Ce samedi à Cardiff, un homme est resté un instant figé. Derrière le sourire des joueurs de l’Union Bordeaux-Bègles brandissant la Champions Cup, il y avait une histoire. Celle d’un président qui, pendant près de deux décennies, a porté son club à bout de bras.
Une victoire qui dépasse le simple cadre du sport. Pour Laurent Marti, c’est l’aboutissement d’un engagement personnel intense, forgé dans la solitude, l’incrédulité générale et la passion.

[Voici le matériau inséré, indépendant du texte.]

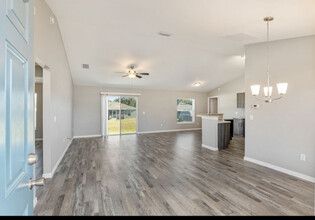 196 Willow Rd in Ocala, FL - Building Photo - Building Photo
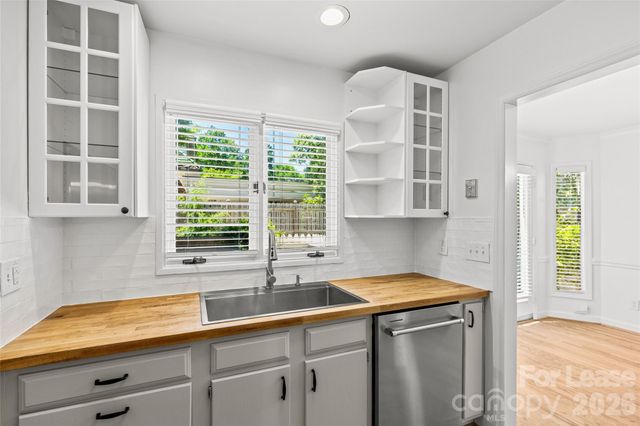 2330 Roswell Avenue G, Charlotte, NC 28207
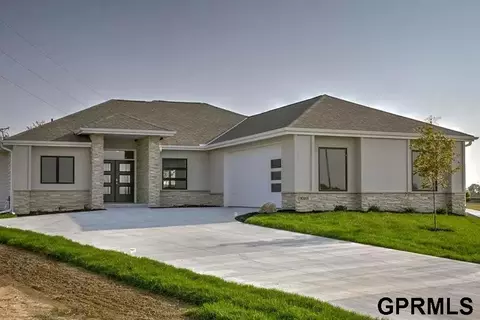 12511 Schirra Cir, Papillion, NE 68046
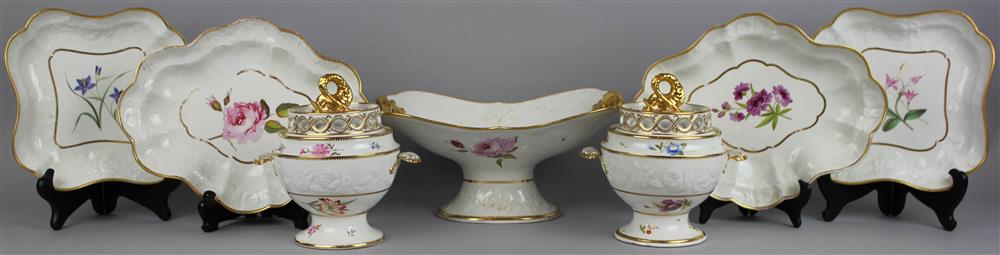 Appraisal: CHAMBERLAINS WORCESTER PART DESSERT SERVICE circa black printed crowned Regent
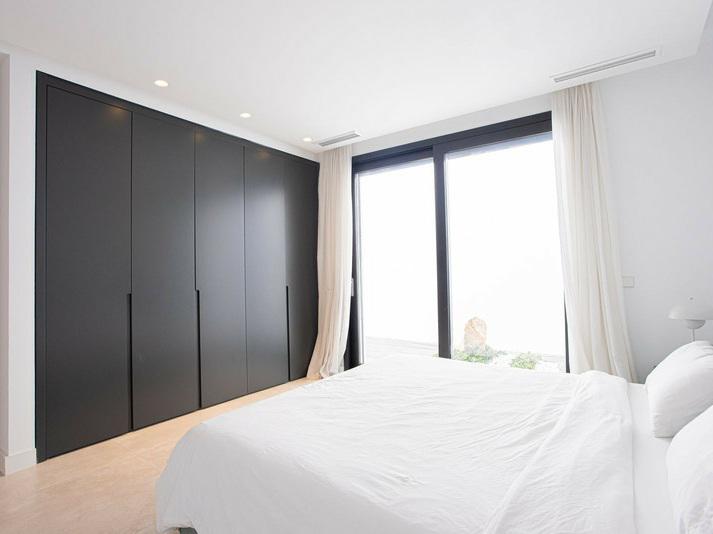 Contemporary Villa with Private Pool and Gym – Marbella
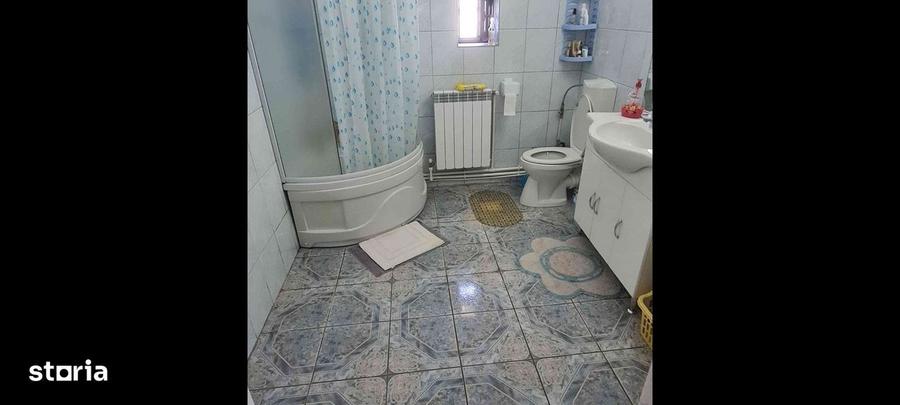 Casă cu 4 camere în Lazu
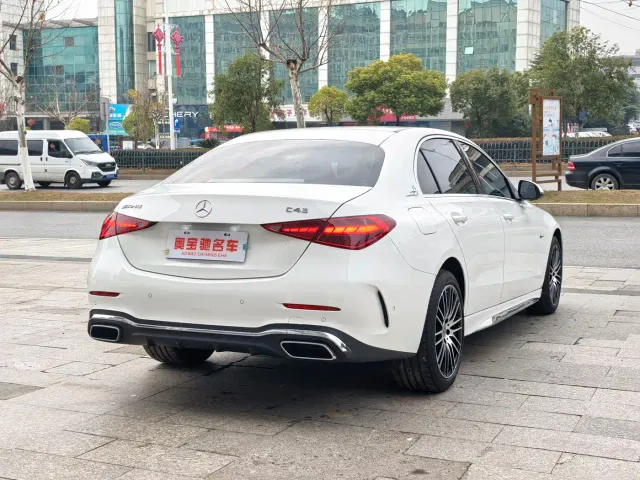 Mercedes-Benz C-Class — Фото автомобиля 4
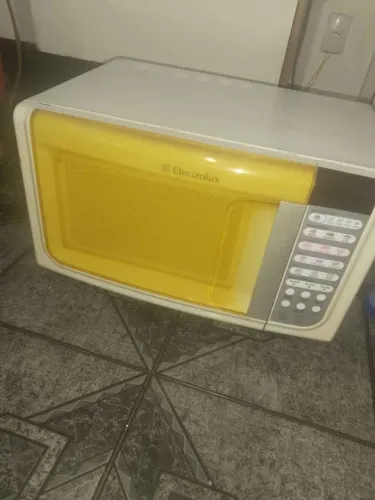 Micro-Ondas Eletrolux Me033 90 dias de garantia!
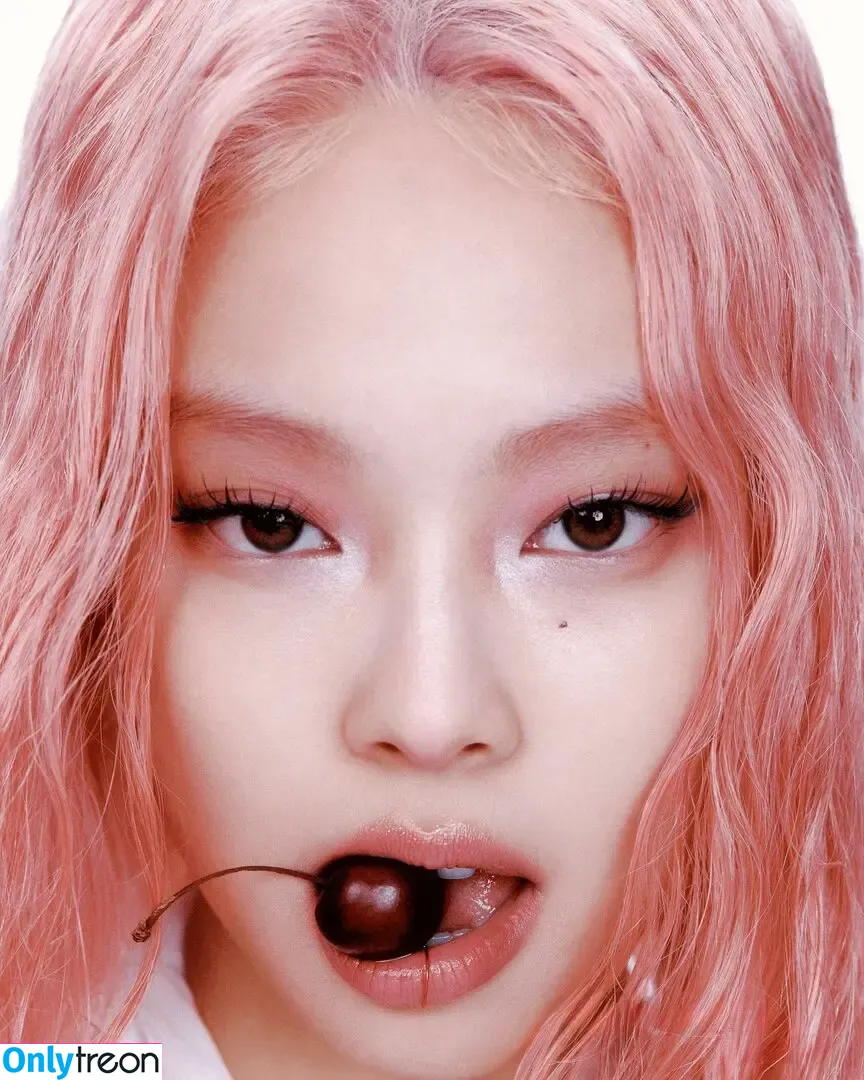 Jennie | BLΛƆKPIИK nude photo #1128 (Blackpink / jennierubyjane / sheflieshigh)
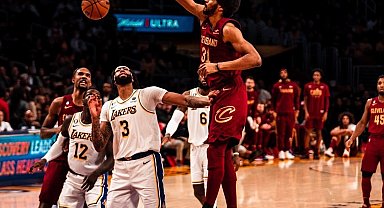 Cedi'li Cleveland, Lakers'ı devirdi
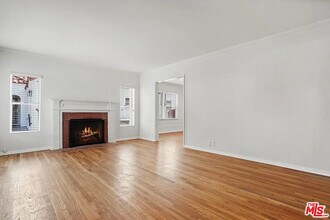 1334 Pine St in Santa Monica, CA - Building Photo - Building Photo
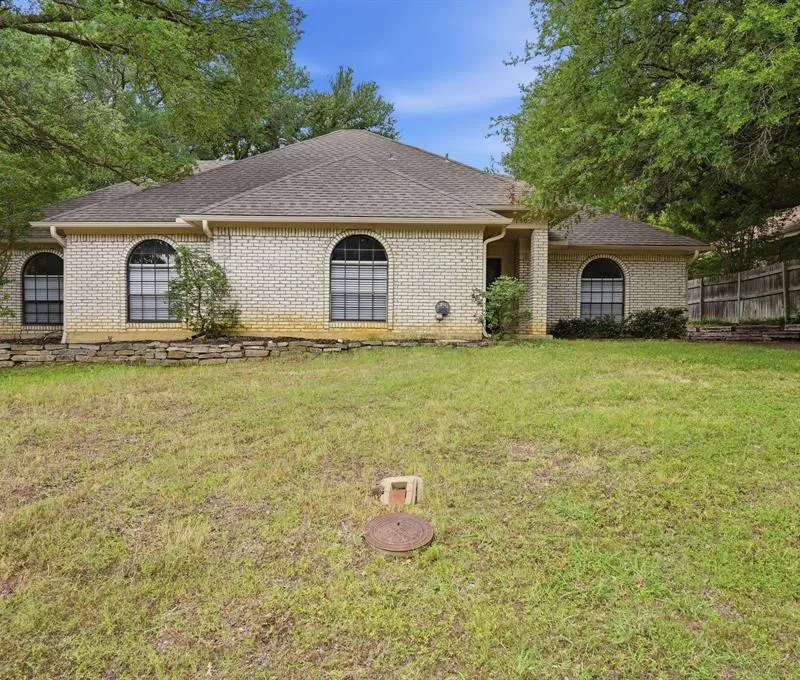 1500 Sandy Creek Drive, Denton TX 76205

« L’histoire de l’UBB, elle est atypique, elle est chaotique. Tu ne peux pas ne pas être marqué par tout ce qu’on a vécu. En plus, elle est complètement improbable », confiait-il la semaine dernière via Sud-Ouest. De ses débuts hésitants à la tête d’un club alors moribond, à cette consécration européenne, Marti n’a jamais cessé de croire. Même quand tout l’invitait à baisser les bras.
Des souvenirs amers, une ascension fulgurante
En 2010, il envisageait de tout arrêter, seul dans son bureau à Moga. Un an plus tard, l’UBB accédait au Top 14 en battant Albi. Ce match, il ne l’a jamais oublié : « C’est celui qui m’a le plus marqué et qui m’a procuré le plus de plaisir ».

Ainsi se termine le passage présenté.